Ship Production Software in Minutes, Not Months — Eno Reyes, Factory

Introduction and Background 00:03

  • Eno Reyes introduces himself and shares his background in LLMs, noting experience since the release of GPT-3.5.
  • Factory focuses on agent-driven software development, believing it will transform the industry.
  • Current approaches mostly add AI to old human-centric tools, but a paradigm shift is needed.

The Shift Toward Agent-Driven Development 01:17

  • True power of AI in software comes when most software lifecycle tasks are delegated to agents.
  • This requires intuitive task management, centralized context, reliable agent outputs, and infrastructure for parallel agents.
  • Factory has partnered with large organizations over two years to solve these hard problems.

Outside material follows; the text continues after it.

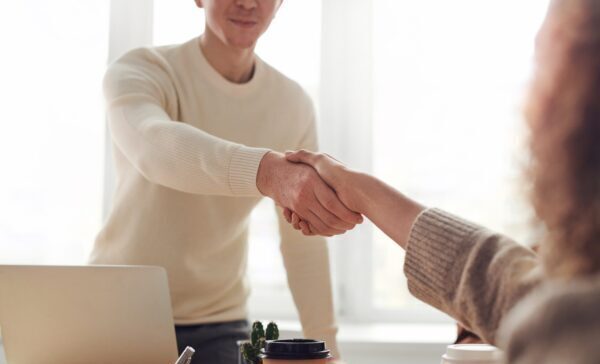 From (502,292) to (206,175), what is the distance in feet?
3.19

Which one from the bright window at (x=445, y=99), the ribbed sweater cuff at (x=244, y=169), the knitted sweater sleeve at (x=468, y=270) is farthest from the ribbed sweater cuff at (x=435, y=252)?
the bright window at (x=445, y=99)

Agents as Tools and the Importance of Context 02:47

  • Agents should not replace human ingenuity but be seen as climbing gear for scaling complex projects.
  • Demo provided: delegating a task to an agent ("droid") that gathers codebase data, references prior interactions, proposes a plan, seeks clarification, and generates a PR passing CI.
  • Success with agents hinges on providing complete and relevant context; lack of context is a key reason for AI failures.
  • Getting context into AI systems is critical, integrating everything from meeting notes to whiteboard photos as data sources for agents.

Planning and Design with Agents 06:30

  • In agent-native organizations, agents aid in planning and product design, not just coding.
  • Agents can research, interpret product goals, and handle technical architecture references to assist with planning.
  • Collaboration with agents turns organizational documentation into living knowledge bases for current and future use.
  • Example: Using feedback transcripts and documentation to inform PRDs (Product Requirement Documents) and convert those into actionable tickets and roadmaps.

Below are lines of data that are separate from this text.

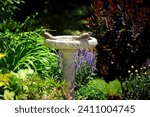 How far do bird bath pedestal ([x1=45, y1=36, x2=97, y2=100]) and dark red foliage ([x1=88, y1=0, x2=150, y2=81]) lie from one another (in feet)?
2.14

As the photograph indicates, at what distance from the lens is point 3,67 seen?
639cm

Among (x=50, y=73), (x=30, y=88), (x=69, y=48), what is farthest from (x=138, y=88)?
(x=30, y=88)

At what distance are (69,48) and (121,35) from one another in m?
1.16

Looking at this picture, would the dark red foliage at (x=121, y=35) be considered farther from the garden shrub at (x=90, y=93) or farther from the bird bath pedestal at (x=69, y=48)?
the bird bath pedestal at (x=69, y=48)

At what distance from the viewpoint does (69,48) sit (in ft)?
18.4

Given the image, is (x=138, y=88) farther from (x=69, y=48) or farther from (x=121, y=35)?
(x=69, y=48)

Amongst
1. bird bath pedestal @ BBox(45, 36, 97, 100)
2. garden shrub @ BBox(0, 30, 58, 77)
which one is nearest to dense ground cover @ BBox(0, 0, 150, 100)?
garden shrub @ BBox(0, 30, 58, 77)

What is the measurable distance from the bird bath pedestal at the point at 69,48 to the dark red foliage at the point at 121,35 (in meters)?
0.65

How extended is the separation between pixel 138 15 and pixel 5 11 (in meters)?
2.33

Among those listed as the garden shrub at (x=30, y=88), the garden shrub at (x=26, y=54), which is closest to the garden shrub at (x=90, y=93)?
the garden shrub at (x=26, y=54)

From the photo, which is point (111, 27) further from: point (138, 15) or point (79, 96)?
point (79, 96)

Documentation and Organizational Learning 10:04

  • Typical processes and documentation (PRDs, design docs, meeting transcripts) become foundational knowledge for agents.
  • This shift turns documentation from a burden into an asset that future teams and agents can leverage.
  • Proper documentation enables agents to mimic and enhance team workflows by providing historical context and rationale.

Agent-Driven Incident Response and Reliability 10:49

  • AI agents contribute to site reliability engineering by aggregating incident data and organizational knowledge.
  • Droids can reduce incident investigation from hours to minutes by accessing distributed logs, documentation, and discussions.
  • Organizations experience faster incident response, fewer repeat incidents, and improved onboarding via persistent organizational memory.
  • Move observed from reactive to predictive operations, as agents help create better processes and system reliability over time.

Amplifying Developer Productivity and Future Skills 13:41

  • Agents do not replace engineers but amplify their capabilities, letting developers focus on high-leverage orchestration rather than manual coding.
  • Future developers need skills in clear thinking and communication, both with humans and AI systems, to effectively leverage agents.
  • Emphasis on the importance of transitioning to orchestrating agent-powered solutions rather than routine code writing.

Factory Platform and Security Considerations 14:45

  • Attendees are invited to sign up for Factory’s platform with free trial tokens.
  • The platform is enterprise-focused, with security, auditability, and ownership built-in; potential risks and ownership of agent actions are addressed.
  • Security professionals and legal teams should consider questions of responsibility, auditability, and safe operation when implementing agent-driven systems.